== What the task requires ==
In the entries that follow, find the line containing "We were able" and the line containing "The sound quality", then retype exactly the lines from the first through the second, pictures excluded.

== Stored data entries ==
-------
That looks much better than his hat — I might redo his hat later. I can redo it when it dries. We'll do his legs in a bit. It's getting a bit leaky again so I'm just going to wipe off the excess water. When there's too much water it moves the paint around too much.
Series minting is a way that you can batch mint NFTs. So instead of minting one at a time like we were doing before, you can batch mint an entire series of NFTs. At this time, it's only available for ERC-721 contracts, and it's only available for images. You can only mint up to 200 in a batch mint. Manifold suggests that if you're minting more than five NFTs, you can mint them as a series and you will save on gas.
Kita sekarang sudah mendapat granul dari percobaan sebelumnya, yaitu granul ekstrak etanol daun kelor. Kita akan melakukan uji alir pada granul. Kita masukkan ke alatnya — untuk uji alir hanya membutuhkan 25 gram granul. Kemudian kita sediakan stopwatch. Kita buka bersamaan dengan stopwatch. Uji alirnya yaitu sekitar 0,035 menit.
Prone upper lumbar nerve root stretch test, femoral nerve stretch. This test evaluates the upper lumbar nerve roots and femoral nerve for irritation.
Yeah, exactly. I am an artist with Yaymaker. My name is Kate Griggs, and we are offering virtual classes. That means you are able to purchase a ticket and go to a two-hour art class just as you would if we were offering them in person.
-------
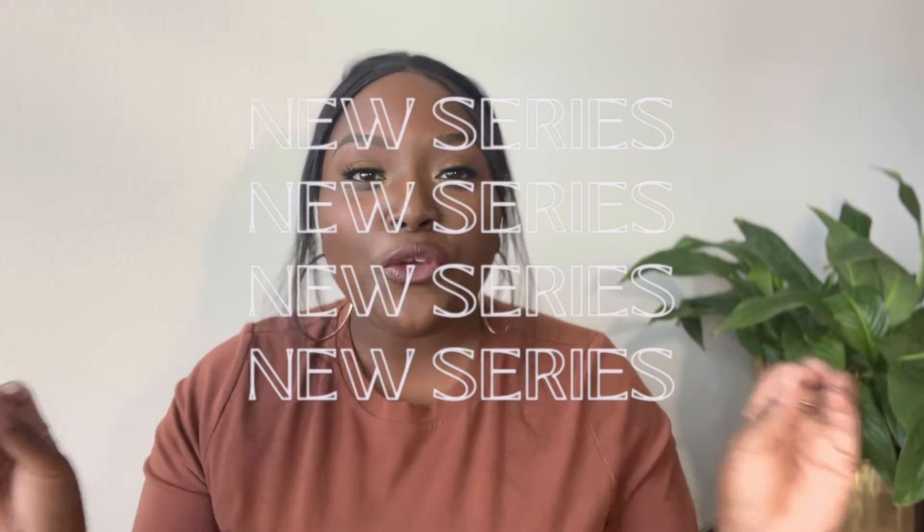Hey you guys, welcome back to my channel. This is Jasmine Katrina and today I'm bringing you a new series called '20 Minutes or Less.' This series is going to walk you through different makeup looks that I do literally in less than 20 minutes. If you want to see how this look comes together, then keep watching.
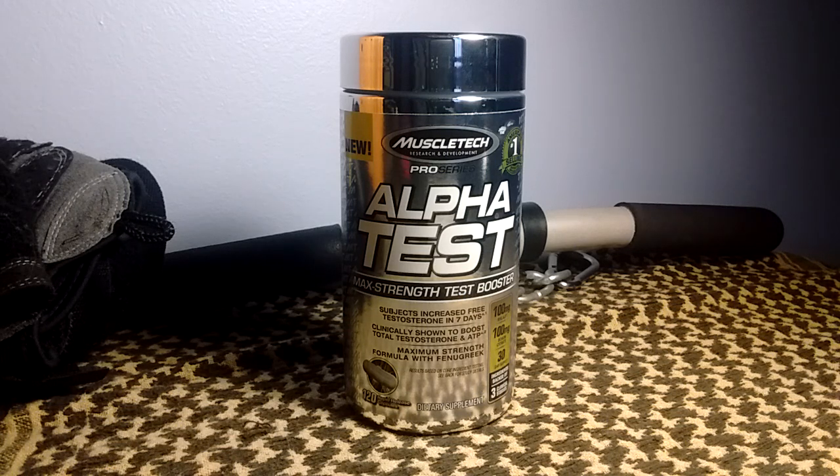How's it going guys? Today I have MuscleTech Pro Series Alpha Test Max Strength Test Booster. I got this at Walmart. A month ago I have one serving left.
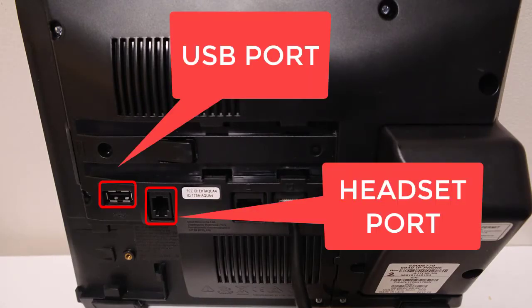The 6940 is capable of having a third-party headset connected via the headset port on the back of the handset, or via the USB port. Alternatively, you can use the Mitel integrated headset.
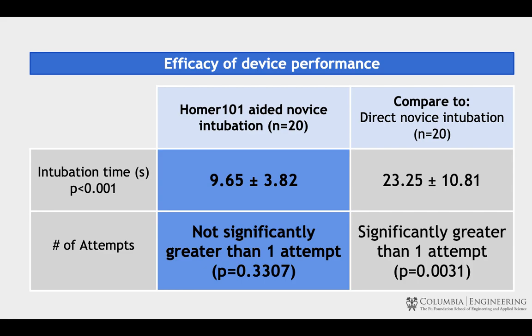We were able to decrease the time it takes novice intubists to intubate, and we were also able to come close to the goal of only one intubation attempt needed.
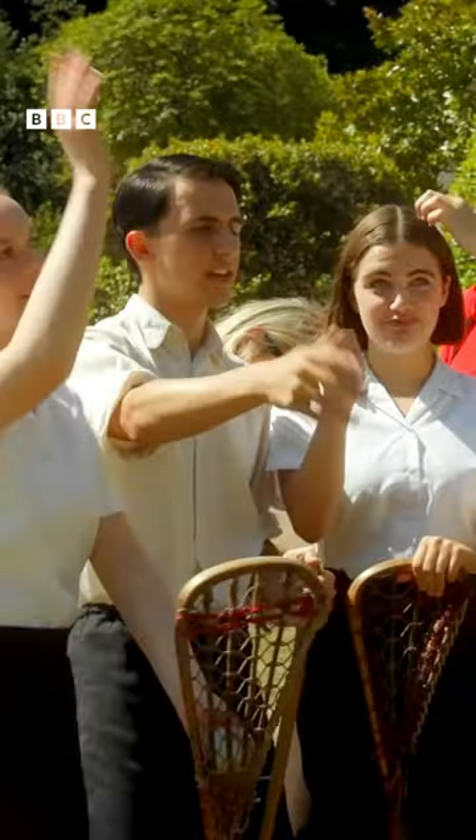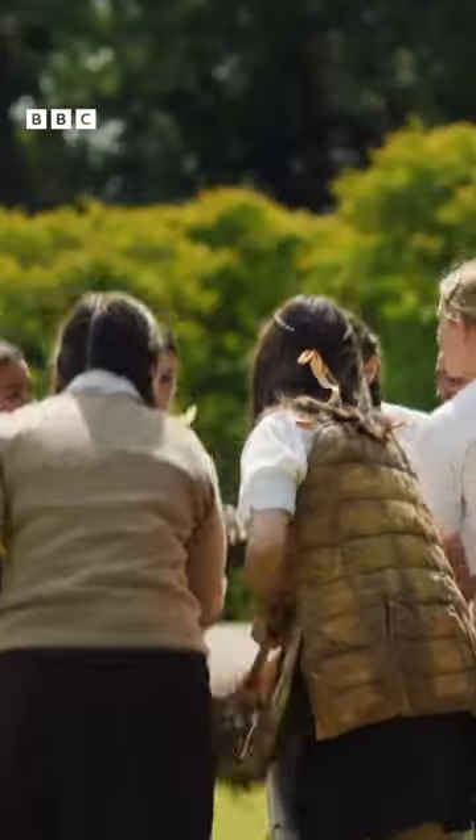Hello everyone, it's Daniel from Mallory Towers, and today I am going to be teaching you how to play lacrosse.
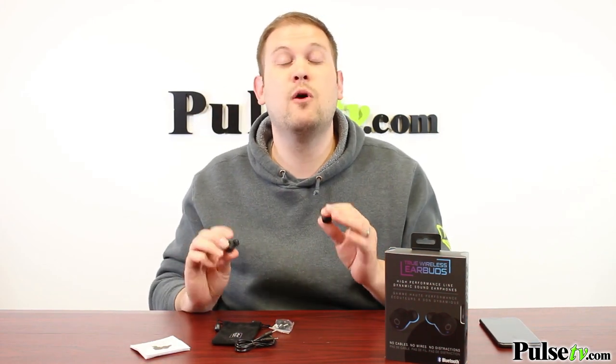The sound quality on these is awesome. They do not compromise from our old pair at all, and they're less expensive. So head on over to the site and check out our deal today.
-------
== Expected answer ==
We were able to decrease the time it takes novice intubists to intubate, and we were also able to come close to the goal of only one intubation attempt needed.
Hello everyone, it's Daniel from Mallory Towers, and today I am going to be teaching you how to play lacrosse.
The sound quality on these is awesome. They do not compromise from our old pair at all, and they're less expensive. So head on over to the site and check out our deal today.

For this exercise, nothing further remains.